- Dunford Location within South Yorkshire
- Population: 568 (2011 census)
- OS grid reference: SE166032
- Civil parish: Dunford;
- Metropolitan borough: Barnsley;
- Metropolitan county: South Yorkshire;
- Region: Yorkshire and the Humber;
- Country: England
- Sovereign state: United Kingdom
- Post town: SHEFFIELD
- Postcode district: S36
- Dialling code: 01226
- Police: South Yorkshire
- Fire: South Yorkshire
- Ambulance: Yorkshire
- UK Parliament: Penistone and Stocksbridge;

= Dunford =

Civil parish in South Yorkshire, England

Dunford is a civil parish in the Metropolitan Borough of Barnsley, in South Yorkshire, England. It lies in the Peak District and within the Metropolitan Borough of Barnsley. The population of the civil parish as of the 2011 census was 568. The parish is centred on Dunford Bridge to the west and Crow Edge to the east.
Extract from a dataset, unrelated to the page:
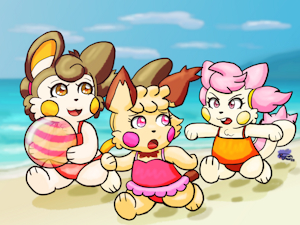 Summer Kanto - Running on the beach by PlaymanRGS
The parish includes several other villages and hamlets such as Carlecotes and Flouch. There are several important water sources in the parish, such as Broadstones, Harden, Snailsden, Winscar, and Upper and Lower Windleden Reservoirs, fed from the surrounding moorlands and managed by Yorkshire Water.

==History==
The parish was formed in 1938 from parts of the urban districts of Holme, Newmill (Fulstone, Hepworth, Scholes) and Thurlstone.

Before the creation of the Metropolitan County of South Yorkshire in April 1974, the parish was part of the West Riding of Yorkshire. At the time of the 2001 census it had a population of 627.

Although the parish is within South Yorkshire some members of the parish council and the clerk to the council are residents of the adjoining parish of Holmfirth in West Yorkshire.

For well over a millennium, Dunford lay within the ancient Wapentake of Staincross, an area that almost corresponds with the borders of the modern day Barnsley Metropolitan Area.